• TRY IT
Copy the listing exactly, please, and keep every picture out of it.

• DATASET CONTENT
● ● ●
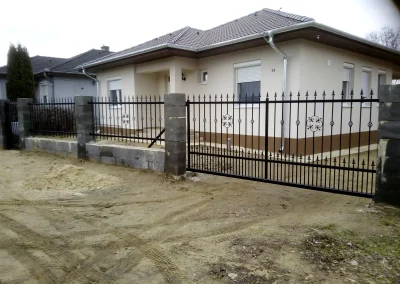 kovácsoltvas kerítés Debrecen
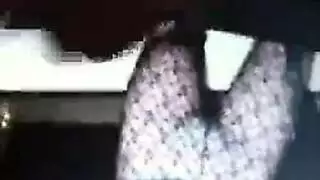 أوضة جنس في سيارة مع شبيهات مايلي سايروس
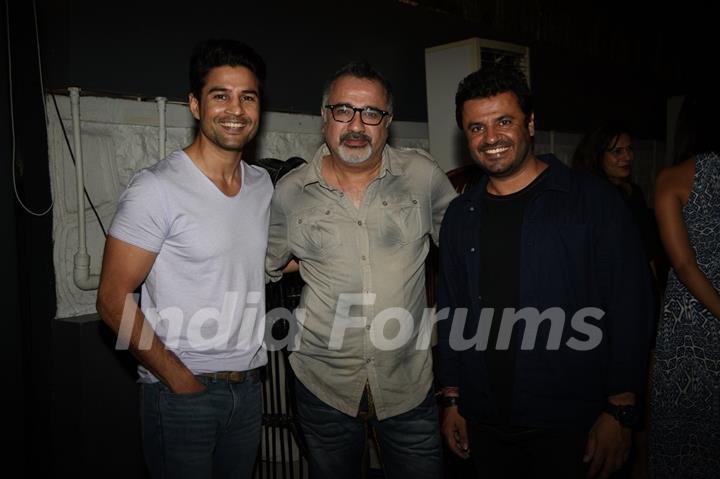 Rajeev Khandelwal, Ajay Chabbria and Vikas Bahl at 'Fever' Bash!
● ● ●
• ANSWER BOX
 kovácsoltvas kerítés Debrecen
 أوضة جنس في سيارة مع شبيهات مايلي سايروس
 Rajeev Khandelwal, Ajay Chabbria and Vikas Bahl at 'Fever' Bash!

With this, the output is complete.